**Data to examine:**
=-=-=-=-=

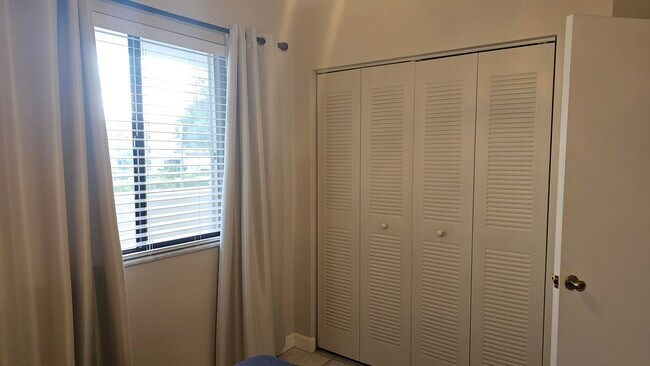 Building Photo - 3138 Via Poinciana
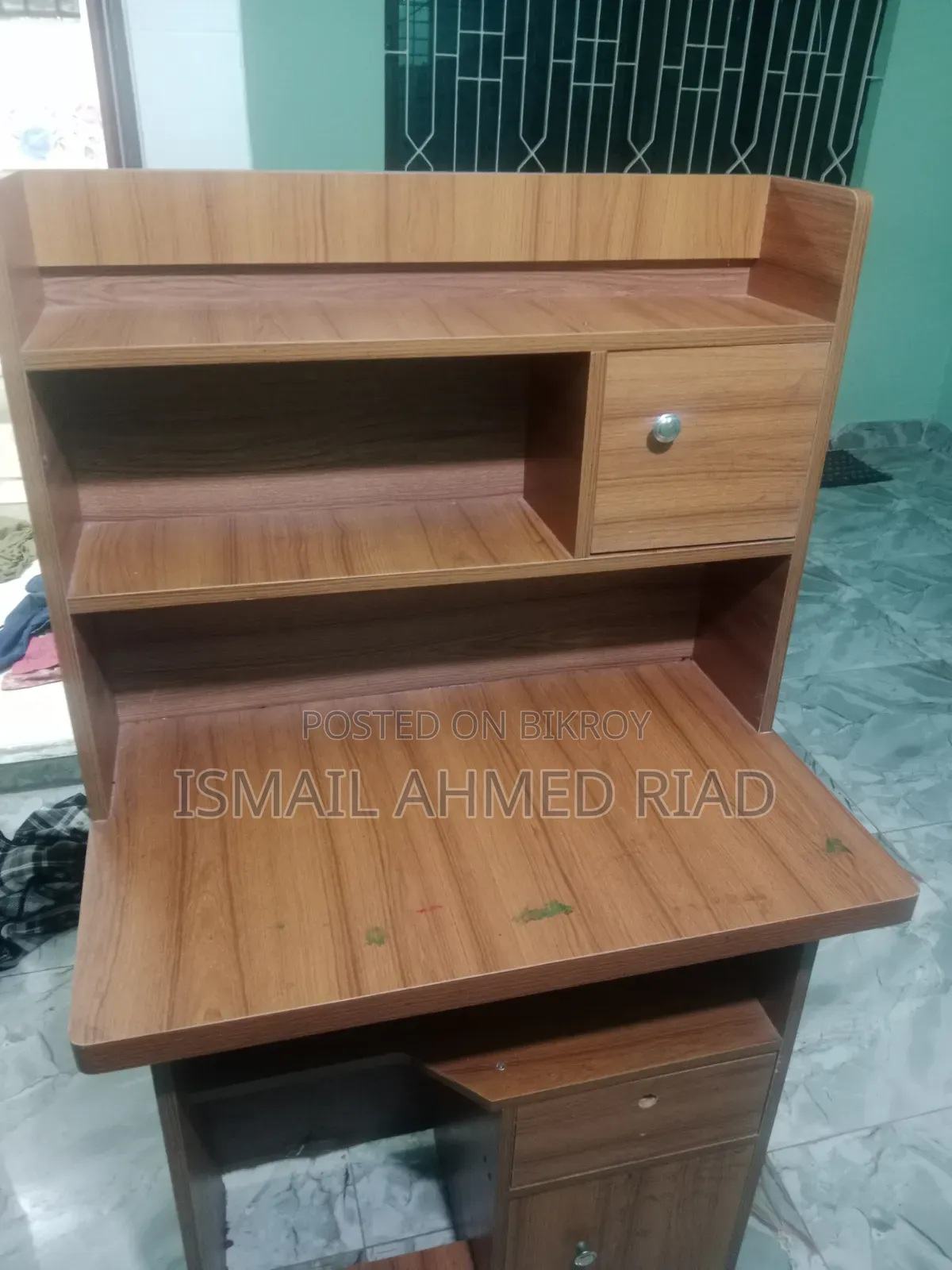 স্টাডি টেবিল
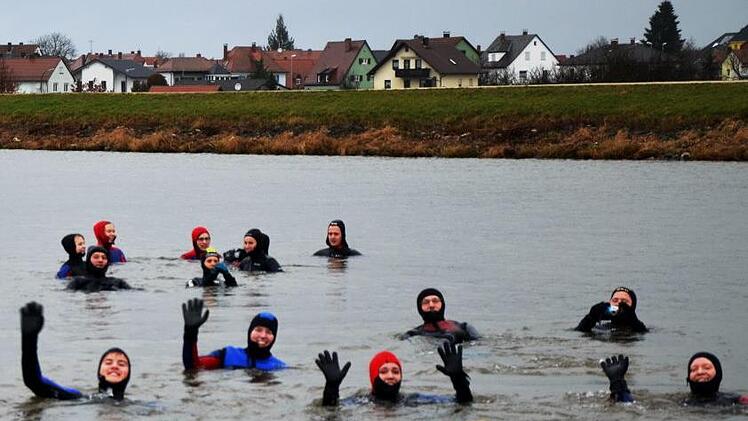 Lächelnd grüßen die Schwimmer aus den Fluten des eiskalten Main-Donau-Kanals.  Fotos: Andrea Spörlein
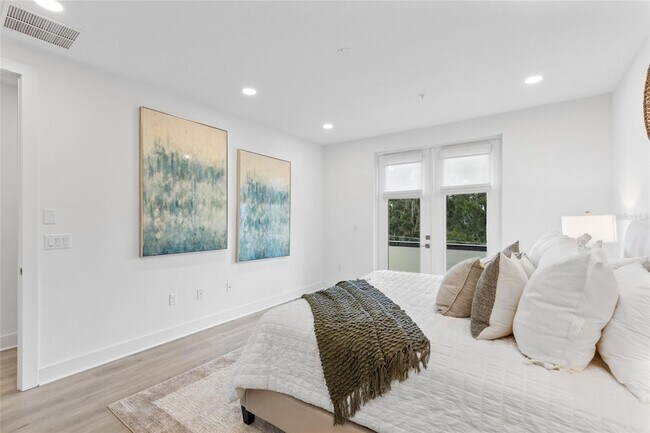 Building Photo - 218 Park Lake St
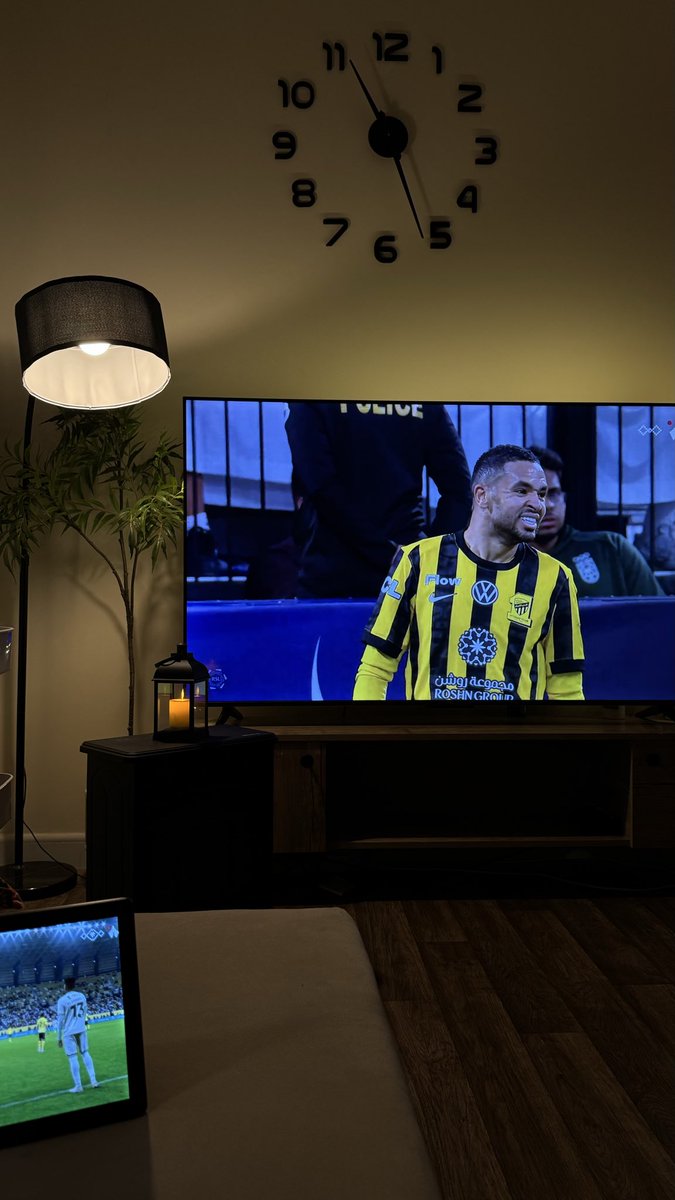 فضيحة تحكيمية جايبين اكثر حكم عليه شبهه في إسبانيا رغم الطرد الله نصرنا عليهم 
#الاتحاد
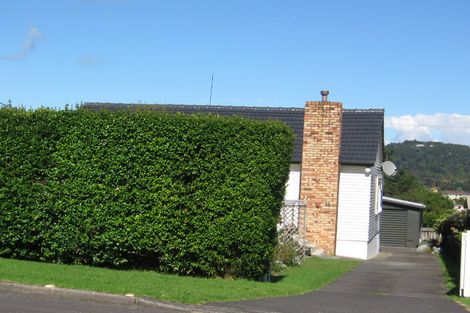 Photo of property in 28 Savoy Road, Glen Eden, Auckland, 0602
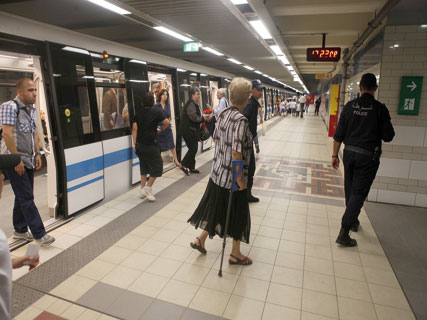 Une année après sa mise en service ,Métro d’Alger : un transport de masse ou de luxe ?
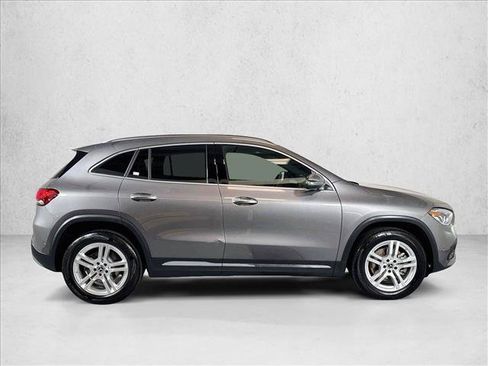 Used 2023 Mercedes-Benz GLA 250 4MATIC image 4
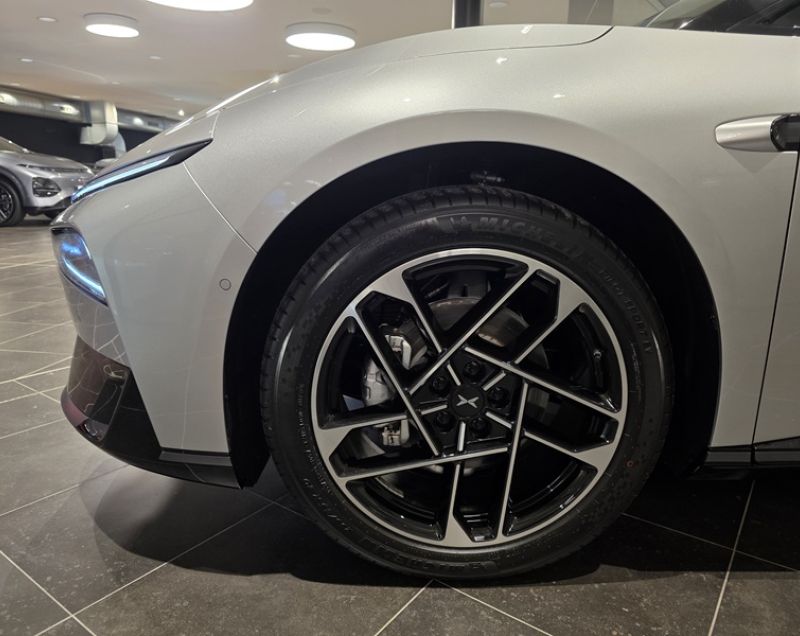 Xpeng P7+ 74.9kWh 370kW AWD Performance Xpeng P7+ 74.9kWh 370kW AWD Performance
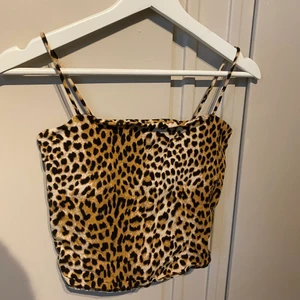 Leopard linne  - Leopard linne i nytt skick. 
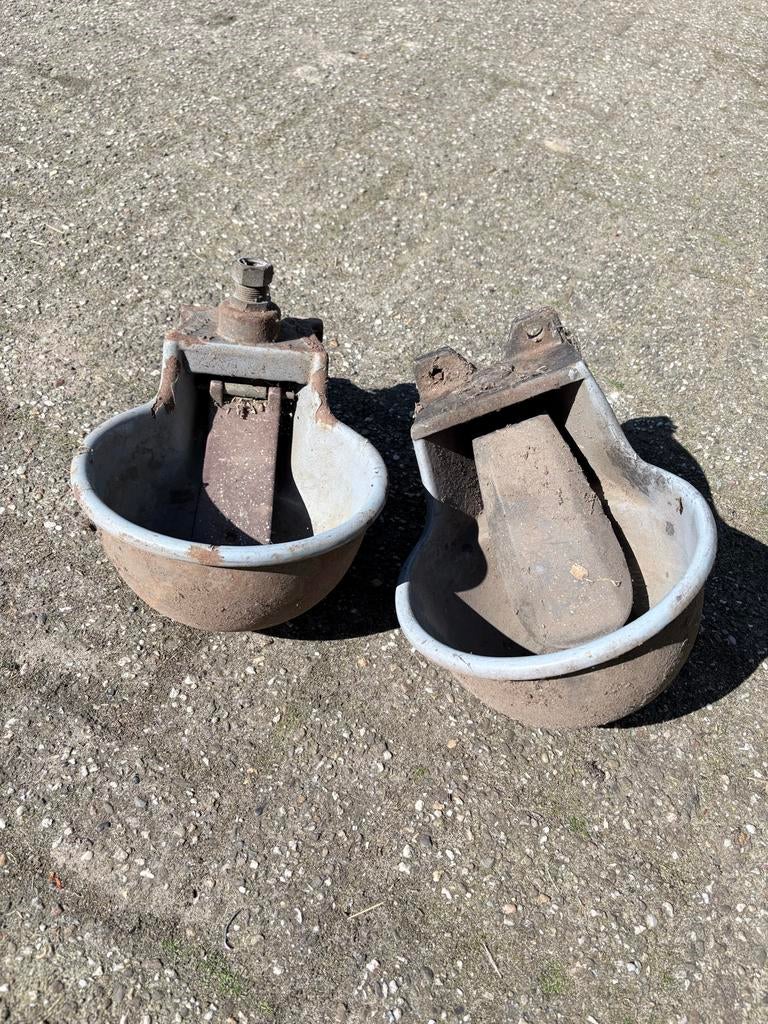 Brouwers drinkbakken, Ophalen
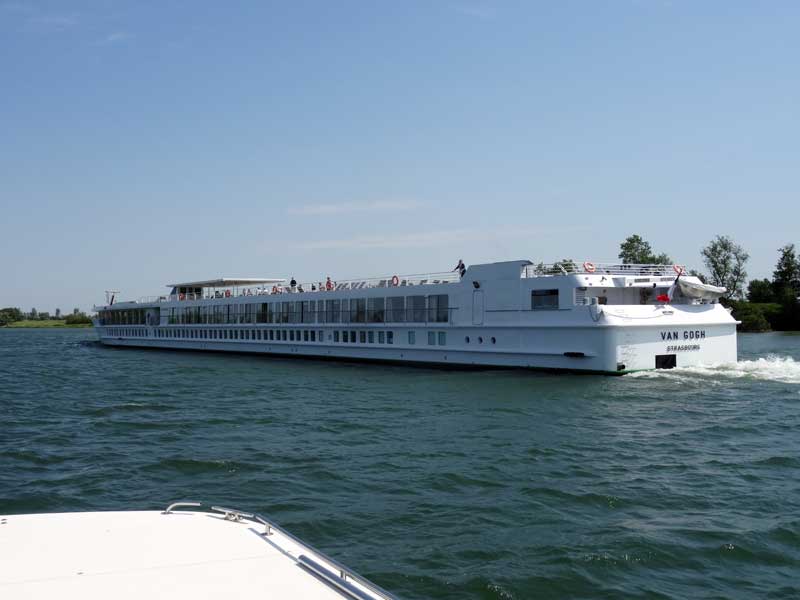 Bateau Van Gogh CroisiEurope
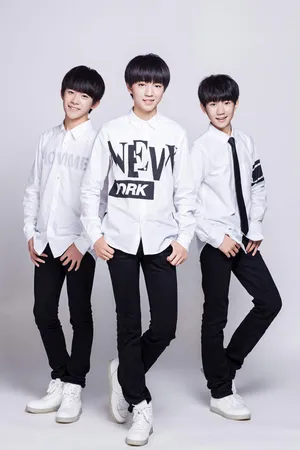 早年全员合照Tfboys_1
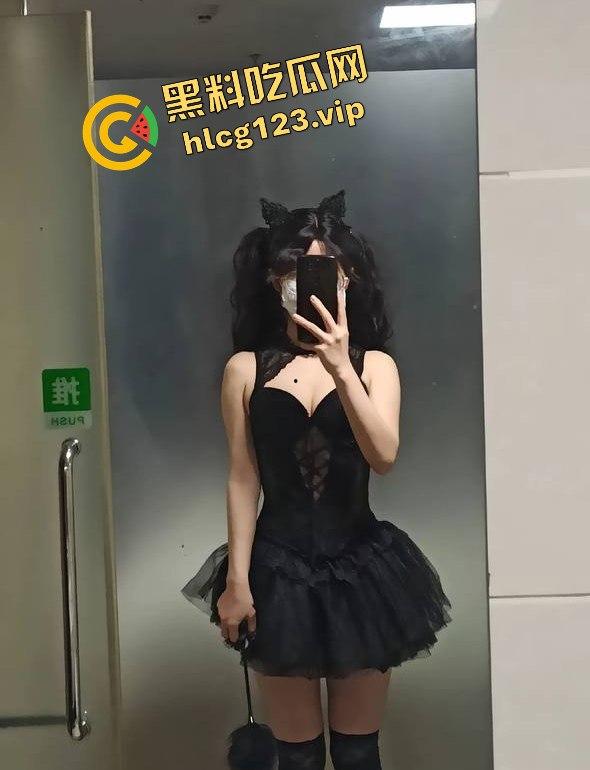 抖音Ashley微博寸言女王大尺度反差裸舞视频流出！粉嫩奶头加上嫩穴，勾得人想舔两口！-7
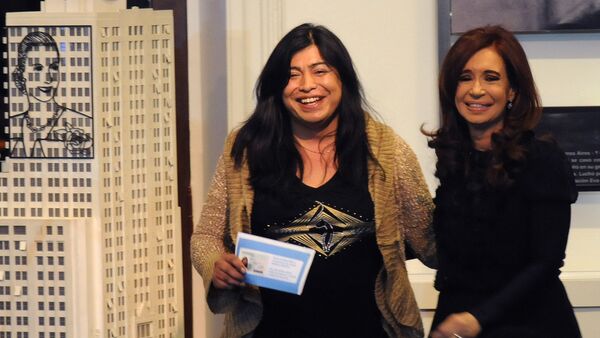 Diana Sacayán con Cristina Fernández de Kirchner - Sputnik Mundo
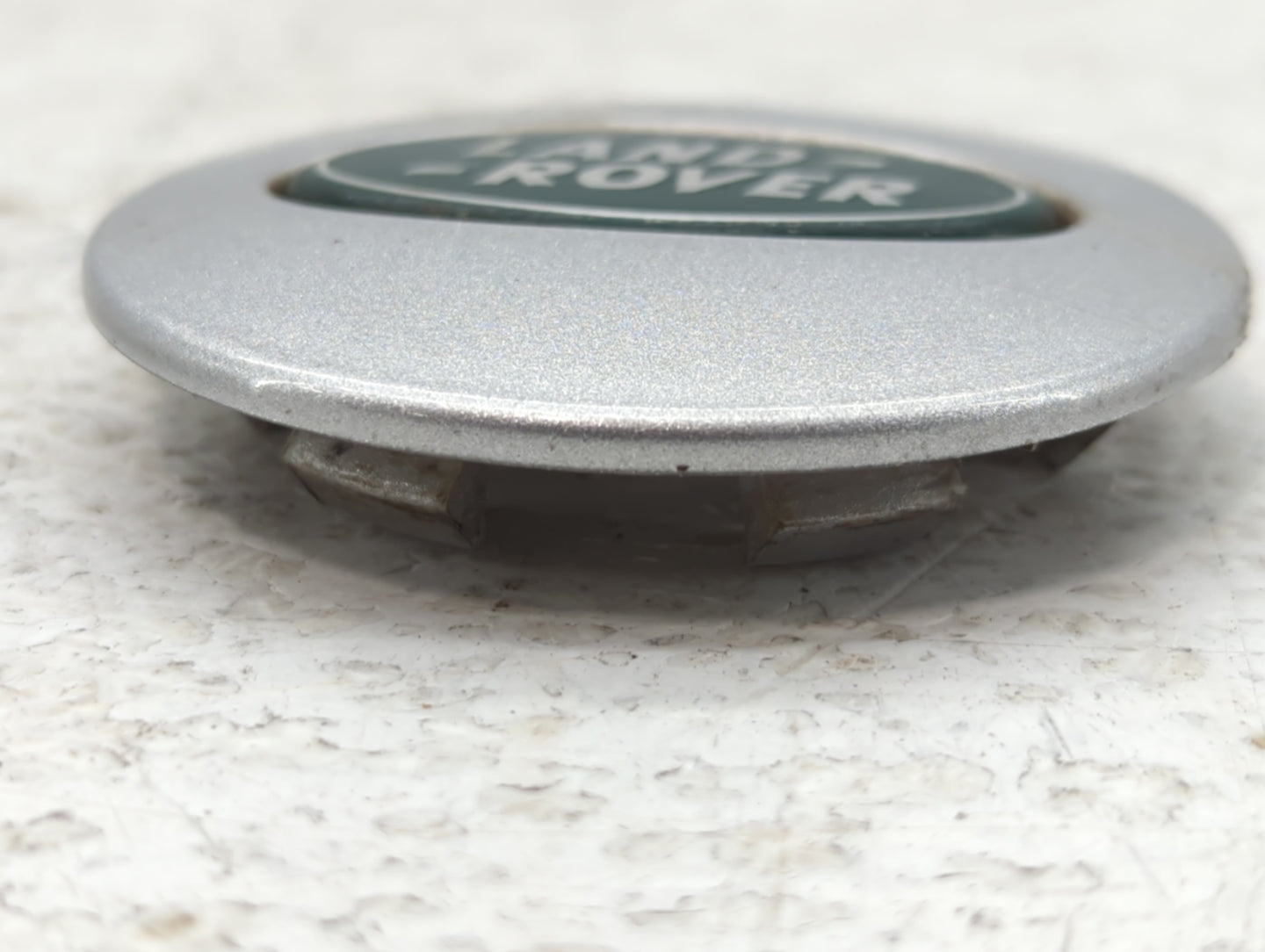 2013 Land Rover Lr4 Rim Wheel Center Cap - Oemusedautoparts1.com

=-=-=-=-=

**Task to complete:** Apart from the images, retype the full material exactly as written.

**Task output:**
 Building Photo - 3138 Via Poinciana
 স্টাডি টেবিল
 Lächelnd grüßen die Schwimmer aus den Fluten des eiskalten Main-Donau-Kanals.  Fotos: Andrea Spörlein
 Building Photo - 218 Park Lake St
 فضيحة تحكيمية جايبين اكثر حكم عليه شبهه في إسبانيا رغم الطرد الله نصرنا عليهم 
#الاتحاد
 Photo of property in 28 Savoy Road, Glen Eden, Auckland, 0602
 Une année après sa mise en service ,Métro d’Alger : un transport de masse ou de luxe ?
 Used 2023 Mercedes-Benz GLA 250 4MATIC image 4
 Xpeng P7+ 74.9kWh 370kW AWD Performance Xpeng P7+ 74.9kWh 370kW AWD Performance
 Leopard linne  - Leopard linne i nytt skick. 
 Brouwers drinkbakken, Ophalen
 Bateau Van Gogh CroisiEurope
 早年全员合照Tfboys_1
 抖音Ashley微博寸言女王大尺度反差裸舞视频流出！粉嫩奶头加上嫩穴，勾得人想舔两口！-7
 Diana Sacayán con Cristina Fernández de Kirchner - Sputnik Mundo
 2013 Land Rover Lr4 Rim Wheel Center Cap - Oemusedautoparts1.com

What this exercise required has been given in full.